The National Heavy Vehicle Regulator’s new technical forum is a key step to delivering safety and productivity improvements for the trucking industry, according to Australian Trucking Association CEO, Chris Melham.
“The ATA is a vocal supporter of practical measures to improve road safety and using technology to deliver safety and productivity improvements for the trucking industry,” said Melham. “We’re looking forward to the opportunity the new technical working group will provide to contribute to technical issues that impact on industry, such as the outcomes of the National Roadworthiness Survey and the National Heavy Vehicle Inspection Manual.
“The ATA has a long standing involvement in technical issues, and these can now be channelled to the NHVR through our participation in the new working group.”
The forum was also welcomed by the Commercial Vehicle Industry Association of Australia and its affiliate organisation, the Victorian Automobile Chamber of Commerce, saying it would provide industry advice on safety systems and technologies that are able to be applied to Australia’s heavy vehicle truck fleet.
A trucking health initiative, known as The Healthy Truckie, has been started by Ingrid Yuile, a health worker travelling around regional Australia.
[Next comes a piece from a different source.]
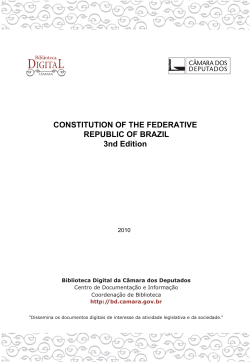 CONSTITUTION OF THE FEDERATIVE REPUBLIC OF BRAZIL 3nd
Ingrid works as a Sonographer and health coach, travelling to hospitals around regional Australia offering care to those who need it most.
“The idea for The Healthy Truckie came to me in November 2015 when working in Kingaroy,” said Ingrid. “I’ve met heaps of truckies all over the place but for some reason, Kingaroy is where inspiration struck. I was scanning fellas that had to stop working early because their blood sugar was out of control, or they have retired but are suffering the consequences of chronic disease developed over three decades of driving.”